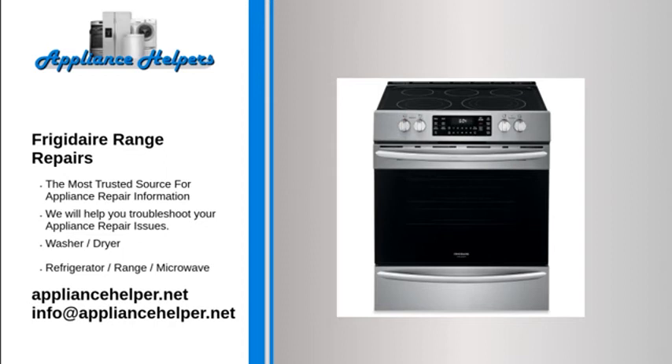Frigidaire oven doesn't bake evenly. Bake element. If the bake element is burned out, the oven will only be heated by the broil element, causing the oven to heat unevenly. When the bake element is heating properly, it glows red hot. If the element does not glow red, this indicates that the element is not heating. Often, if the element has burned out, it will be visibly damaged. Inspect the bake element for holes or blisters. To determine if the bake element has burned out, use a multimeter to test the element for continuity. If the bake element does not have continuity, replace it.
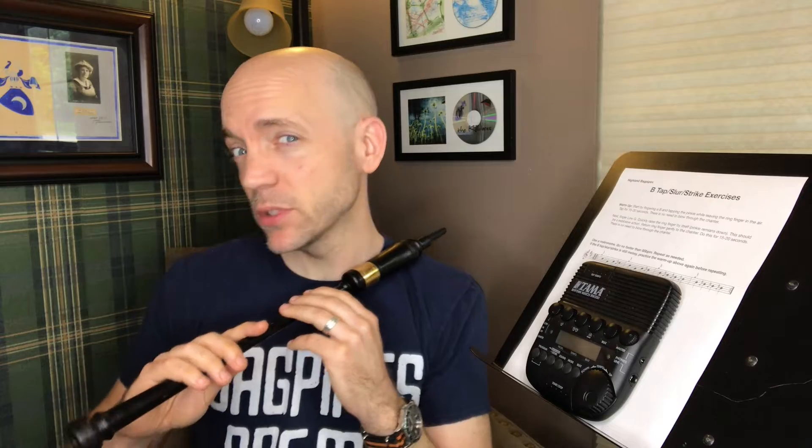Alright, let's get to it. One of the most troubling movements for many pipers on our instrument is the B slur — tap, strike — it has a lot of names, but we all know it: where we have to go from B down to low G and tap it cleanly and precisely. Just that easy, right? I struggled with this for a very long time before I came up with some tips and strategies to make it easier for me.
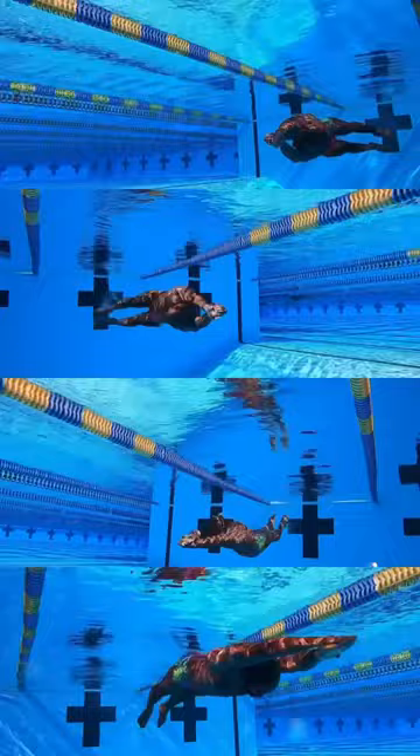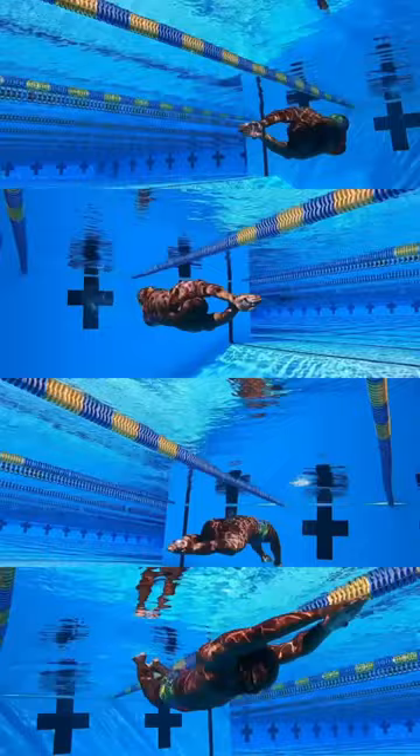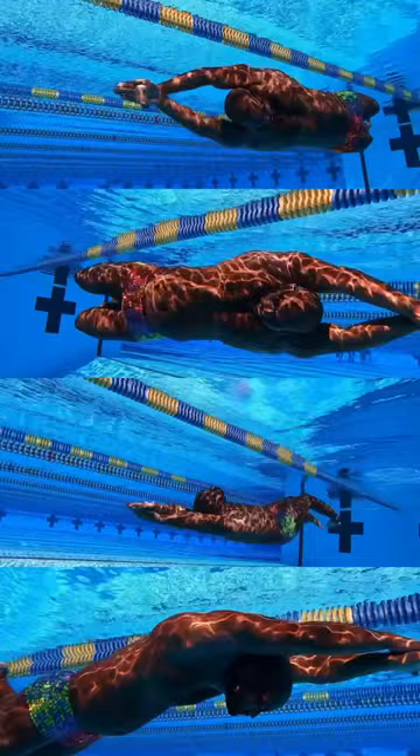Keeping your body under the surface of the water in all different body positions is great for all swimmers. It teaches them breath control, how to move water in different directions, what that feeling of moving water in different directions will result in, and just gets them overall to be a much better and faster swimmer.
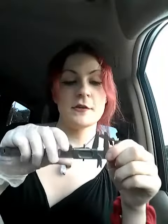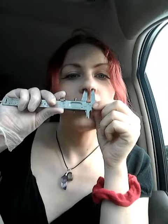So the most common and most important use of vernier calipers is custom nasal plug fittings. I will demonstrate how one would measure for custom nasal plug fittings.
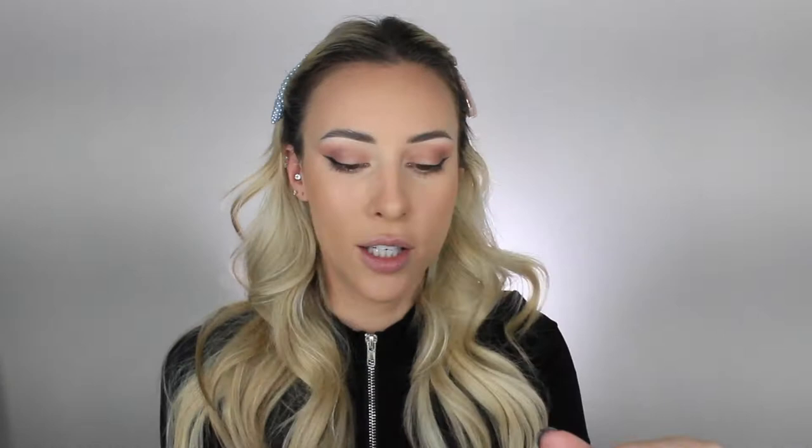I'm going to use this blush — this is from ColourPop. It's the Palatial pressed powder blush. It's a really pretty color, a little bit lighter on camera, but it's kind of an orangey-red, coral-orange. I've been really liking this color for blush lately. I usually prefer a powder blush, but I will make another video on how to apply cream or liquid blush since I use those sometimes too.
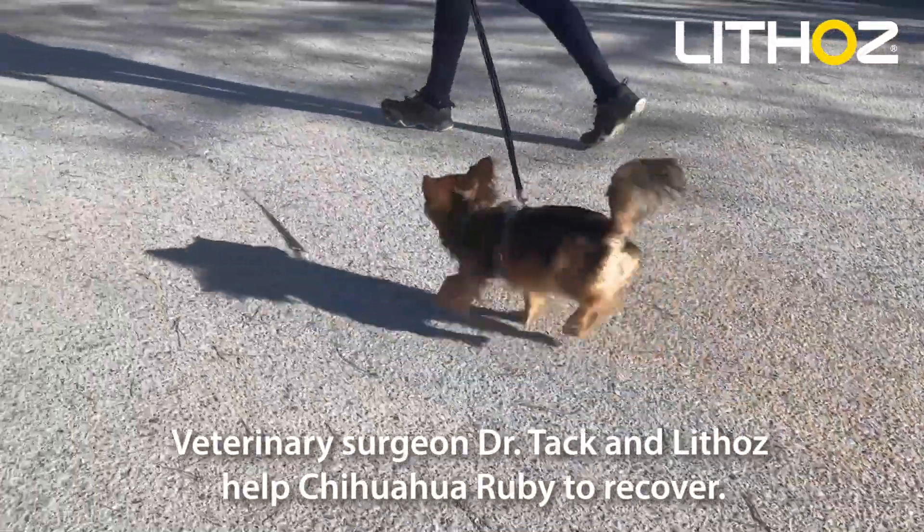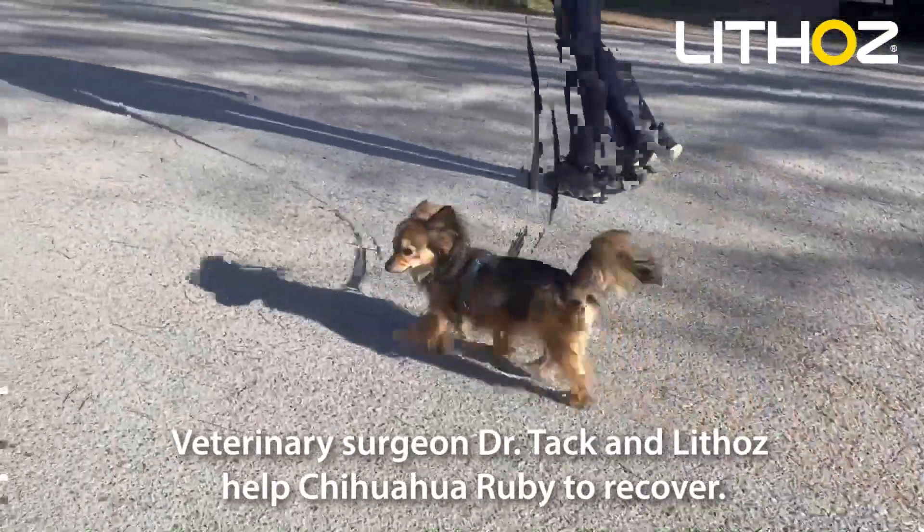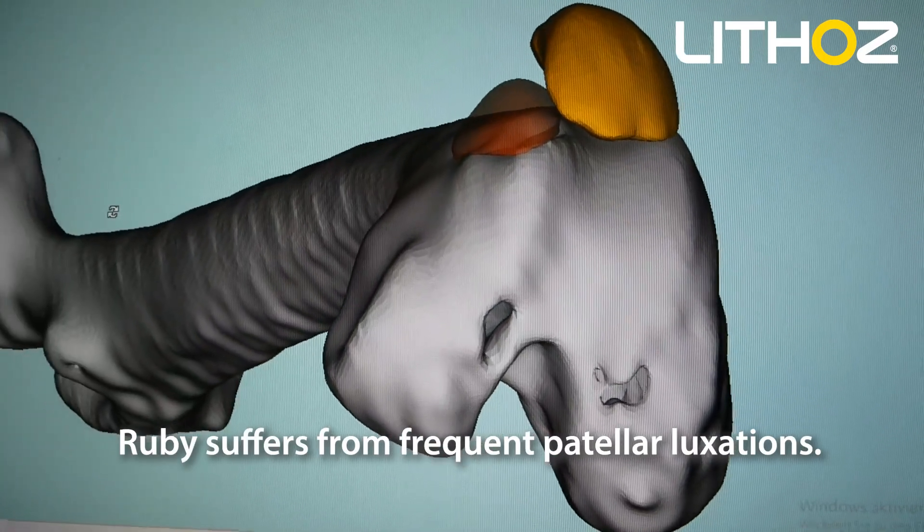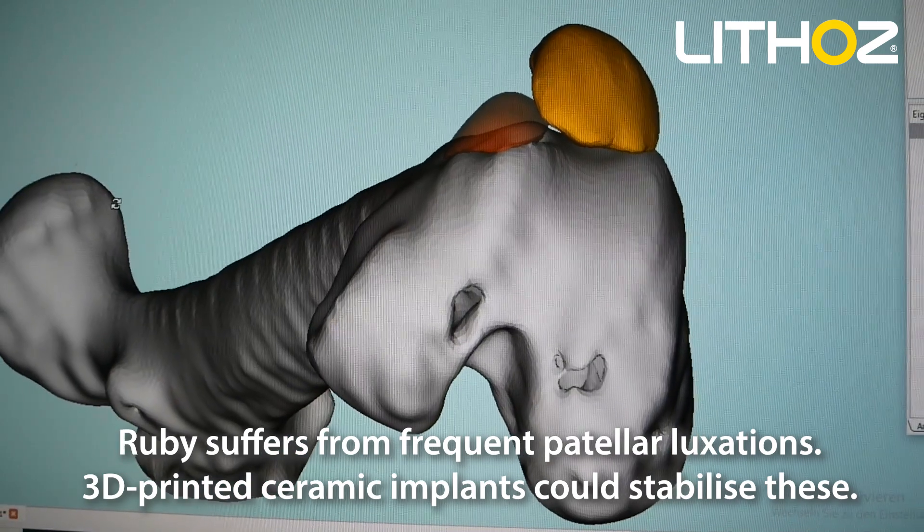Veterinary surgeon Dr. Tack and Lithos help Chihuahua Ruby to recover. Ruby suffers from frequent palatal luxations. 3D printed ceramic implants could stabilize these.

###

**Exercise goal**
Copy the records word for word, leaving no picture in the copy.

**Result**
Frigidaire oven doesn't bake evenly. Bake element. If the bake element is burned out, the oven will only be heated by the broil element, causing the oven to heat unevenly. When the bake element is heating properly, it glows red hot. If the element does not glow red, this indicates that the element is not heating. Often, if the element has burned out, it will be visibly damaged. Inspect the bake element for holes or blisters. To determine if the bake element has burned out, use a multimeter to test the element for continuity. If the bake element does not have continuity, replace it.
Alright, let's get to it. One of the most troubling movements for many pipers on our instrument is the B slur — tap, strike — it has a lot of names, but we all know it: where we have to go from B down to low G and tap it cleanly and precisely. Just that easy, right? I struggled with this for a very long time before I came up with some tips and strategies to make it easier for me.
Keeping your body under the surface of the water in all different body positions is great for all swimmers. It teaches them breath control, how to move water in different directions, what that feeling of moving water in different directions will result in, and just gets them overall to be a much better and faster swimmer.
So the most common and most important use of vernier calipers is custom nasal plug fittings. I will demonstrate how one would measure for custom nasal plug fittings.
I'm going to use this blush — this is from ColourPop. It's the Palatial pressed powder blush. It's a really pretty color, a little bit lighter on camera, but it's kind of an orangey-red, coral-orange. I've been really liking this color for blush lately. I usually prefer a powder blush, but I will make another video on how to apply cream or liquid blush since I use those sometimes too.
Veterinary surgeon Dr. Tack and Lithos help Chihuahua Ruby to recover. Ruby suffers from frequent palatal luxations. 3D printed ceramic implants could stabilize these.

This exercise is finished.